Eat more veggies, save more lives

Liz West: Flickr
Liz West: Flickr

Although vegetarianism has been popularized for many years and has influenced most restaurants and stores to carry more meat-free options, its more extreme cousin, veganism, is a term not known by many people. But it is quickly becoming more mainstream.

A vegan is a person who does not eat anything that comes from an animal. Most people who follow a vegan diet also follow a vegan lifestyle, meaning that they will not purchase anything that comes from an animal, such as fur clothing or products tested on animals. In the end, each individual’s reasons for the way they eat differ greatly, from health, to animal rights and even sustainability.

Some might say, if you are already taking a stand against meat with your diet, why do you need to eliminate other animal products like milk and eggs?

Many argue that milk and eggs don’t contribute to the killing of animals, so they believe it is okay to continue consuming these products. What many people do not know is that the meat, egg and dairy industries are all connected.

Dairy cows suffer just as much, if not more, in factory farms than cows bred for meat. A cow must be pregnant in order to produce milk, just like humans. This means that a female cow must be artificially inseminated over and over again in order to continually produce milk.

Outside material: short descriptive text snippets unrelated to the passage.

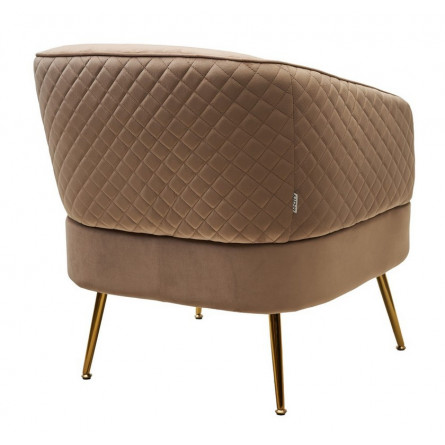 Кресло MUSSELS BLUVEL-40 Бежевый, велюр / золотой каркас М-City
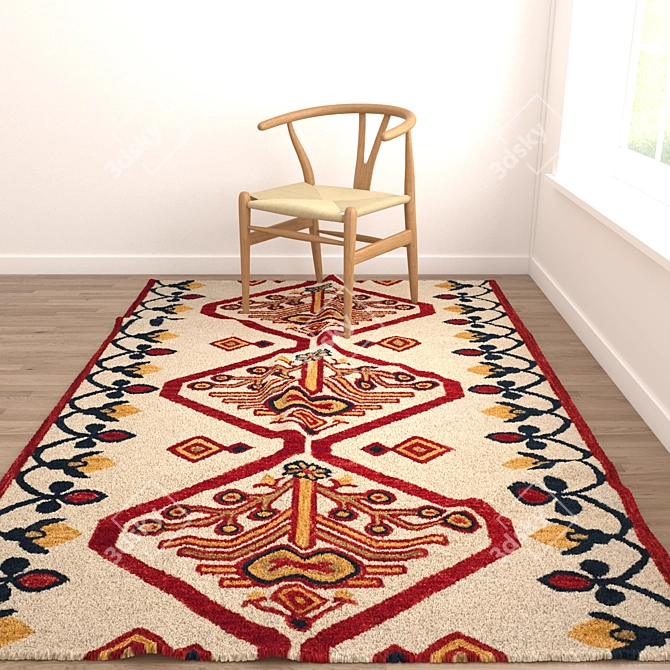 Versatile Set of 6 Rugs 3D model image 4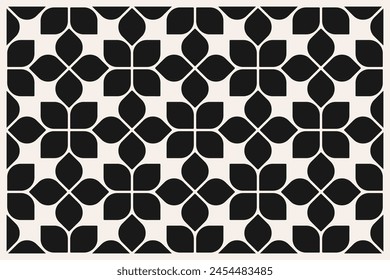 Graphical illustration inspired by the Bauhaus art movement. A minimalistic flower pattern with bold geometrical shapes.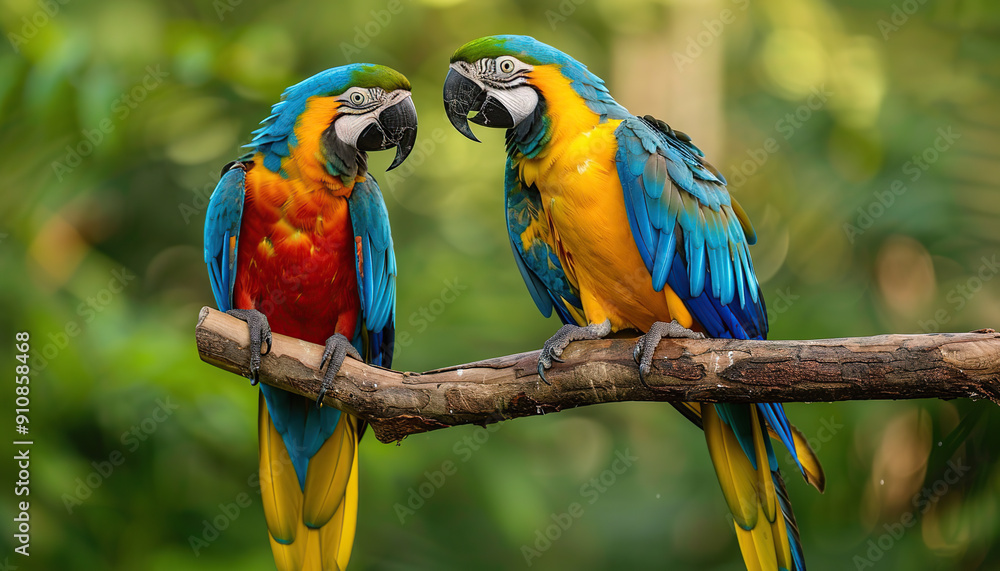 Two Beautiful plumage vibrant vivid colors Macaws Parrots standing wooden branch Two Beautiful plumage vibrant vivid colors Macaws Parrots standing wooden branch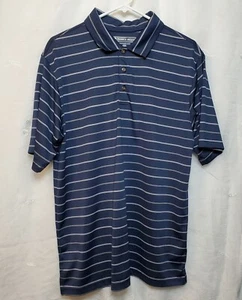 Pebble Beach Herren Dry Luxe Performance Golf Poloshirt blau gestreift Gr. L - Bild 1 von 6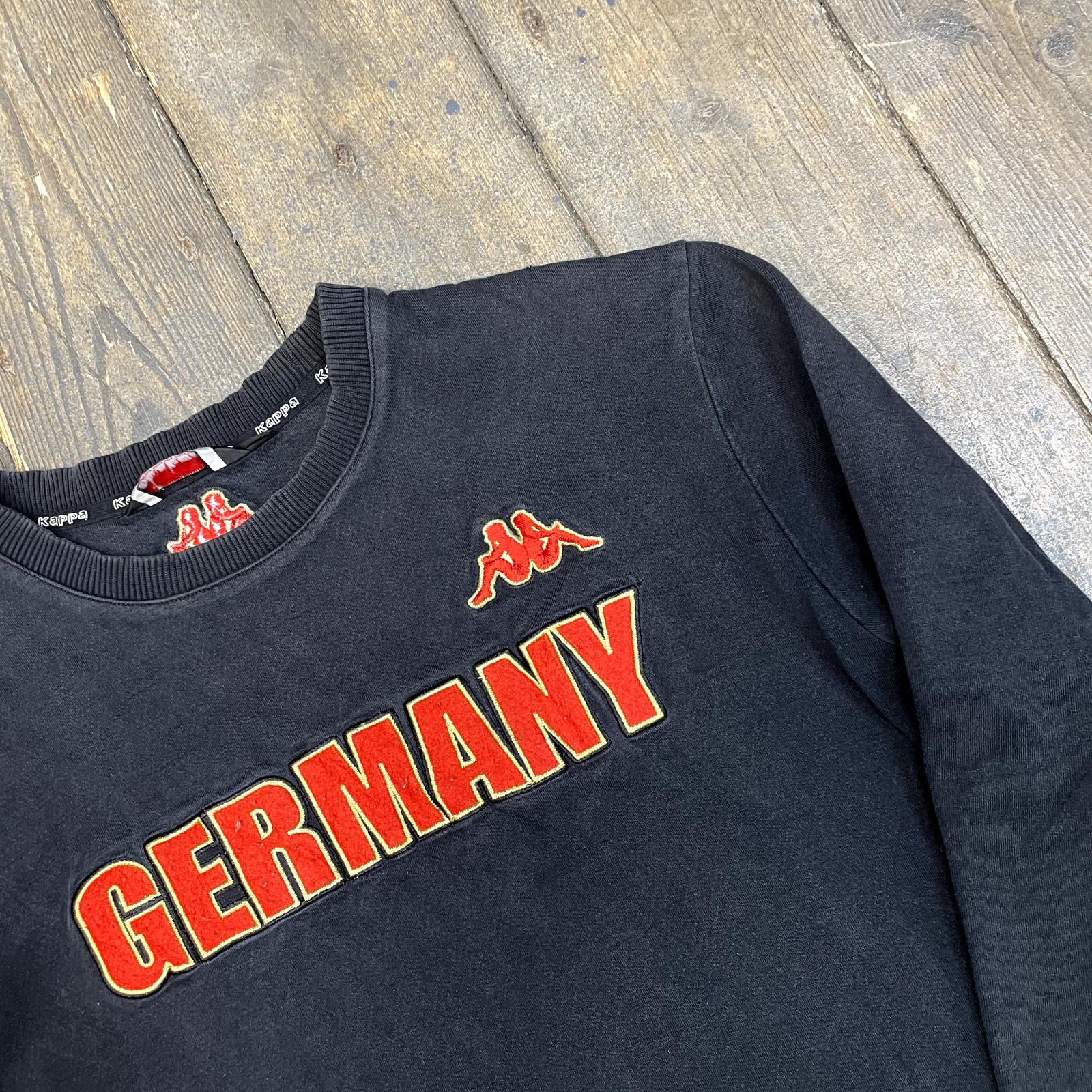 Kappa Sweatshirt 90's Germany Spellout Crew Neck Sports Sweater Black Mens XL image 4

After her baby is born, its fate depends on its gender. If it is a girl, it is taken from its mother, strapped to its own milk machine and forced to go through the same process as its mother. But if it is a boy, it is shipped to the slaughterhouse where it will be killed and then packaged and sold at the supermarket as veal.

This cycle continues until the mother cow is spent, usually after four inseminations, and can no longer produce milk. Her life ends at the slaughterhouse, too.

Unfortunately the connection between the meat industry and other edible animal products doesn’t end here. The egg industry is equally as appalling.

When baby chicks are born, the males and females are separated on a conveyor belt. The females lead a short, 2-year life as an egg producer and the males are either thrown away in a trash can or ground-up alive.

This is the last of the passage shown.